Try working at roughly the same times every day. If you want more flexibility, you might consider doing certain tasks at specific times – maybe you always go through new client information on Thursday at 2PM. It doesn’t matter what your schedule is; what matters is that you have one.
3. Make a friend who works remotely.
Working remotely can get really lonely, even if you spend all day talking to your colleagues. So it helps to make a friend who lives in your city and also works remotely. This person might become an accountability partner you talk to throughout the day – consider calling him/her instead of emailing, since it’s so easy to lie over email.

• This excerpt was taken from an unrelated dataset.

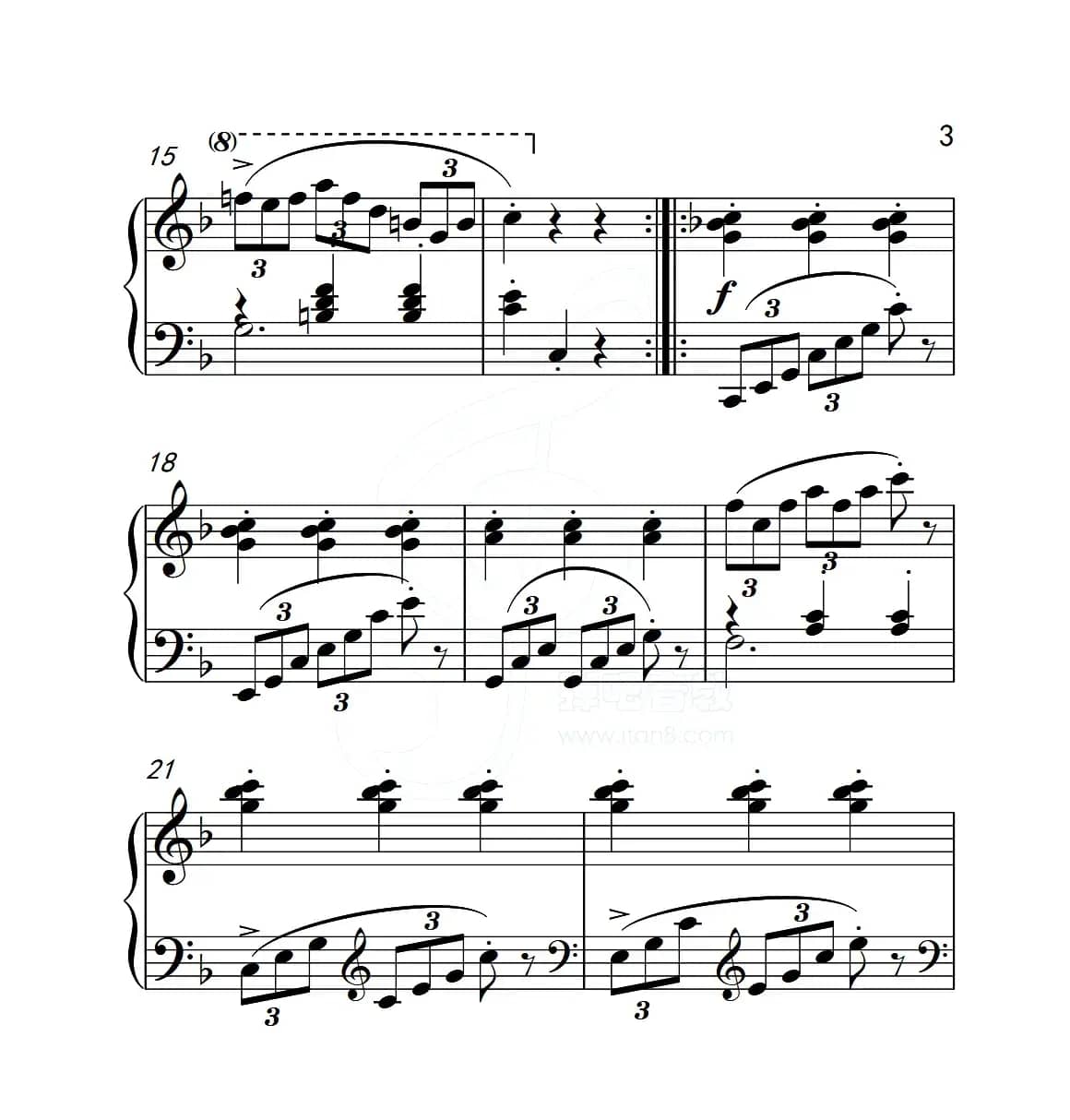 第五级B组 练习曲（中国音乐学院钢琴考级作品1~6级）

Better yet, work together in a coffee shop or in one of your homes so you can motivate each other to stay focused. Don’t know anybody who works remotely? You can find them at networking events and Meetups – just remember to follow basic safety tips if you’re meeting someone from the Internet.

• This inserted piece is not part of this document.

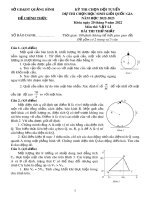 Đề thi học sinh giỏi Quốc gia THPT môn Vật lí năm học 2022-2023 có đáp án (Vòng 1) - Sở GD&ĐT Quảng Bình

4. Go outside at least once a day.
If you work from home, it’s all too easy to go days on end without ever leaving your house. But it’s not healthy to sit at a desk all day; you need regular changes in the environment. Think about it. If you work in an office, you commute there, you move around the floor and the building, you head to the cafeteria for lunch and you might go out for happy hour.
As a remote worker, you don’t have these environmental changes built into your day so you have to create them. Make sure that you are regularly exposed to sunlight and get up from your desk frequently. That means getting outside at least once a day – no matter how terrible the weather. Head to the gym, run some errands or just take a walk around the block.
5. Stick to your system.
One of the joys of working remotely is the ability to design your schedule and workspace in a way that works best for you. The problem? Remote workers are constantly bombarded with new time management systems and new productivity tools. It’s tempting to try them all – but doing so is a waste of time and potentially money. It’s crucial to experiment until you find a tool that works best for you such as WeekPlan. But if you are content with the way you’re working, don’t fix something that isn’t broken!
6. Know when to stop.
Some people who work remotely have trouble getting anything done. Others have the exact opposite problem – they can’t stop working. When you are at an office, you eventually have to leave to go home. When you live where you work, it can be tough to separate your personal and professional lives.

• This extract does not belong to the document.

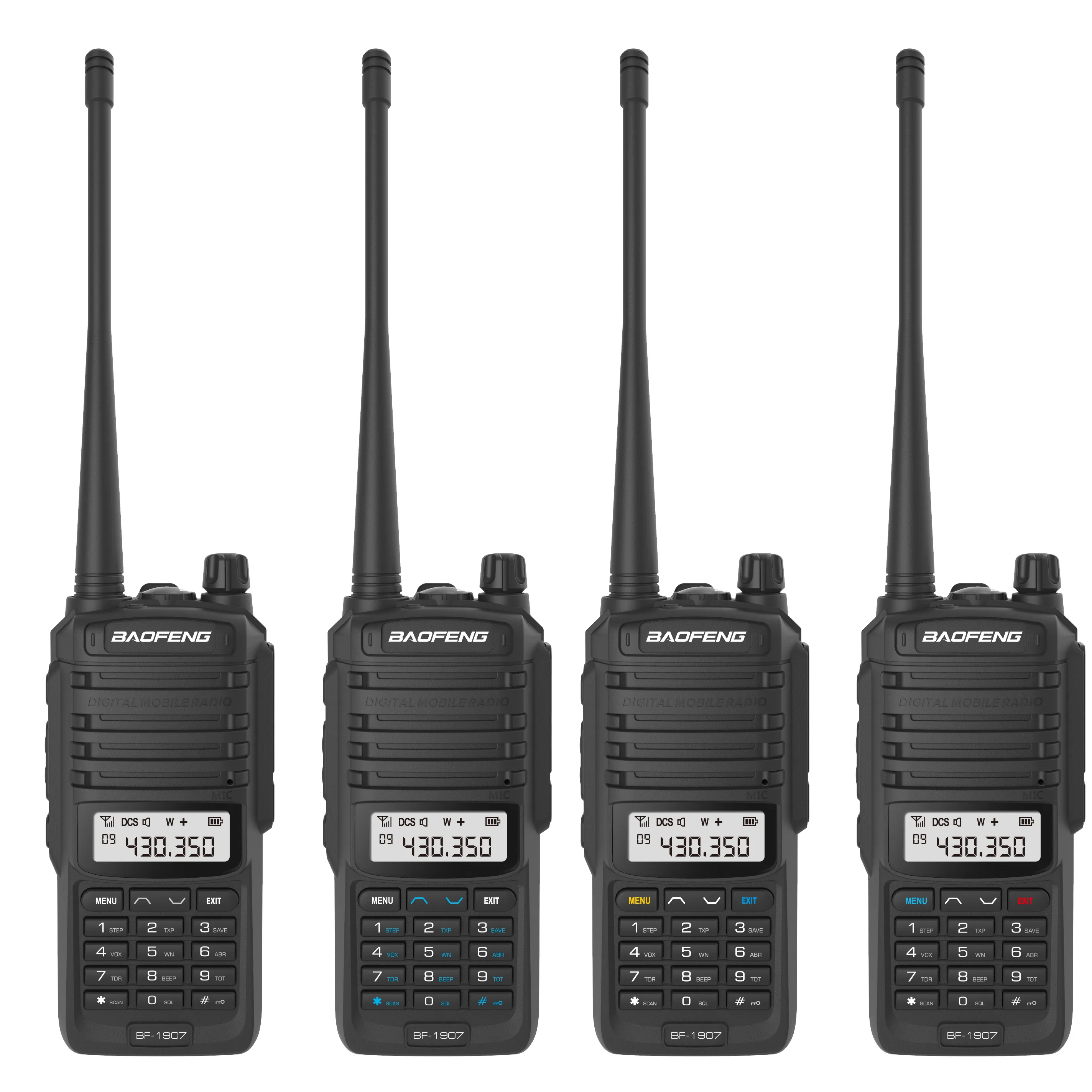 Baofeng BF-1907, walkie talkie model baru, radio genggam ham 5w uhf vhf radio jarak jauh genggam dual band Tipe C 2200mAh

So it’s especially crucial for remote workers to find that work-life balance. Are you a workaholic? Consider designating several periods a week where you’re not allowed to work, like Friday evening, and enlist others to help you stick to them.
7. Find someplace else to work.
Even when you have a dedicated workspace in your home, there are days that napping on the couch is just too tempting. Find a few potential workspaces nearby before this happens. Ideally, this will be a good library or inexpensive cafe that’s not too loud and has reliable WiFi and outlets.
A change of scenery reduces the temptations that lurk at home and can do wonders for your focus.
8. Get social.
When you work remotely, you need to be social in two different ways. If you’re part of a team, make sure that you’re socializing with your co-workers regularly – even if it’s virtually via Skype.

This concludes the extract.